== DATA BELOW ==

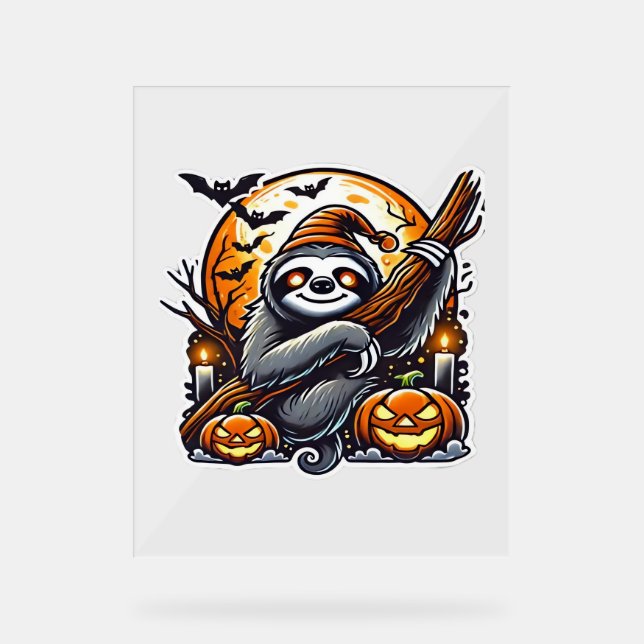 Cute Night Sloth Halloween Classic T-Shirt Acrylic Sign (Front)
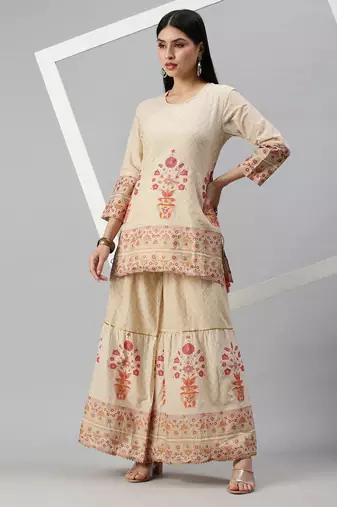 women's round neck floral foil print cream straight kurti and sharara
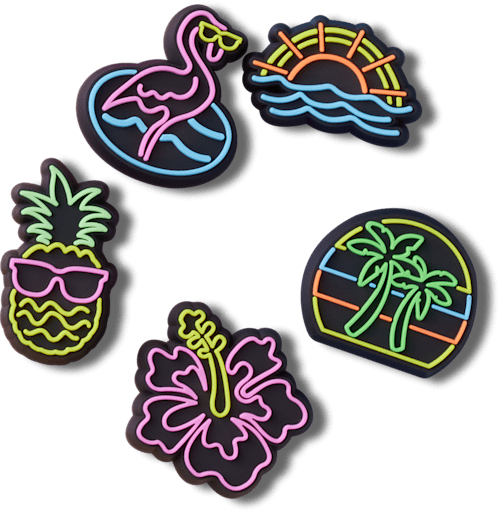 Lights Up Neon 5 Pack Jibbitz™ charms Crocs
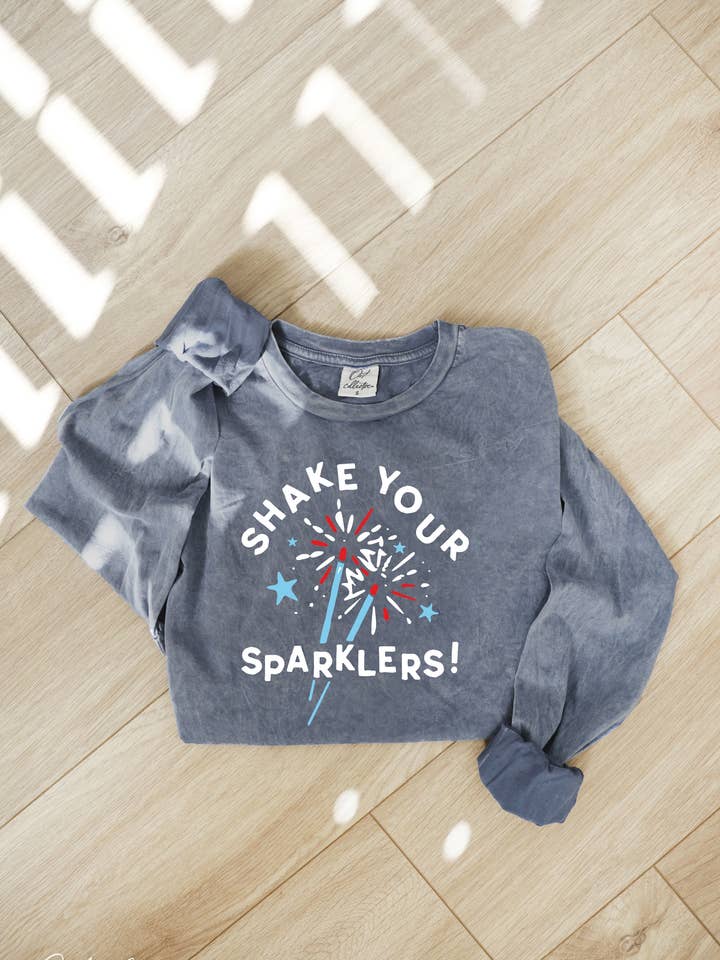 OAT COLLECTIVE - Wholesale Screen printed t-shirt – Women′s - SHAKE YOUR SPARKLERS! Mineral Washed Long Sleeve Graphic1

===

WHAT THE TASK ASKS — The expected output is exactly the lines from the one containing "Lights Up Neon 5 Pack Jibbitz™ charms Crocs" through the last line of the listing, both included, with every picture left out.

TASK OUTPUT —
 Lights Up Neon 5 Pack Jibbitz™ charms Crocs
 OAT COLLECTIVE - Wholesale Screen printed t-shirt – Women′s - SHAKE YOUR SPARKLERS! Mineral Washed Long Sleeve Graphic1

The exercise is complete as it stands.